The Identity Theft Assistance Center spares victims the hassle of contacting creditors individually and repeatedly having to prove their identity. By creating a rapid-response system, the center shortens the time thieves have to operate and builds evidence that can be used against them in court.

The Financial Services Roundtable, a group of large financial institutions, will make permanent its Identity Theft Assistance Center, which provides free assistance to victims. The center had been operating on a pilot basis since August, during which time it claims to have helped restore the identities of 700 people. The center is funded by participating banks and operated by Intersections Inc., a provider of bank-branded ID-theft-protection services.

One form of identity theft is the creation of a fraudulent account under the victim's name or the takeover of an existing account. Unlike cases involving stolen credit cards, ID-theft cases are more difficult to resolve and cause greater damage. One of the 700 ID-theft cases handled by the center resulted in $40,000 in fraudulent purchases, only half of which were recovered, says Steve Bartlett, president and CEO of the Financial Services Roundtable.

Identity theft has captured the attention of banks, consumers, and legislators. On Tuesday, LexisNexis said an investigation of its Seisint unit showed that 280,000 individuals might have had their Social Security or driver's license numbers stolen, in addition to the 30,000 it had previously reported.
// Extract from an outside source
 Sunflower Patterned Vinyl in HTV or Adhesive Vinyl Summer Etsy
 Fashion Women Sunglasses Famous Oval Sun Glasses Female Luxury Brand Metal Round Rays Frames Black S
Consumers who suspect they've been ID theft victims are referred to the center by their bank. The center asks the consumer to fill out an affidavit and begins monitoring the consumer's credit reports. It alerts creditors with whom fraudulent accounts appear to have been opened, as well as credit bureaus and law-enforcement authorities. Finally, it logs the incident in its database of known ID-theft cases and perpetrators.

The center spares victims the hassle of contacting creditors individually and repeatedly having to prove their identity. "Once they contact the center, they only have to tell their story once," Bartlett says. By creating a rapid-response system, the center shortens the time thieves have to operate and builds evidence that can be used against them in court, he says.

It takes on average of two to three weeks from the time a victim contacts the center until the victim's credit history has been restored, Bartlett says. The center is looking to shorten that to two to three days through process improvements, such as allowing victims to complete affidavits over the phone instead of by mail, he says.

The public can't contact the center directly; if consumers suspect they've been fraud victims, they contact their banks, which provide them with a toll-free number for the center.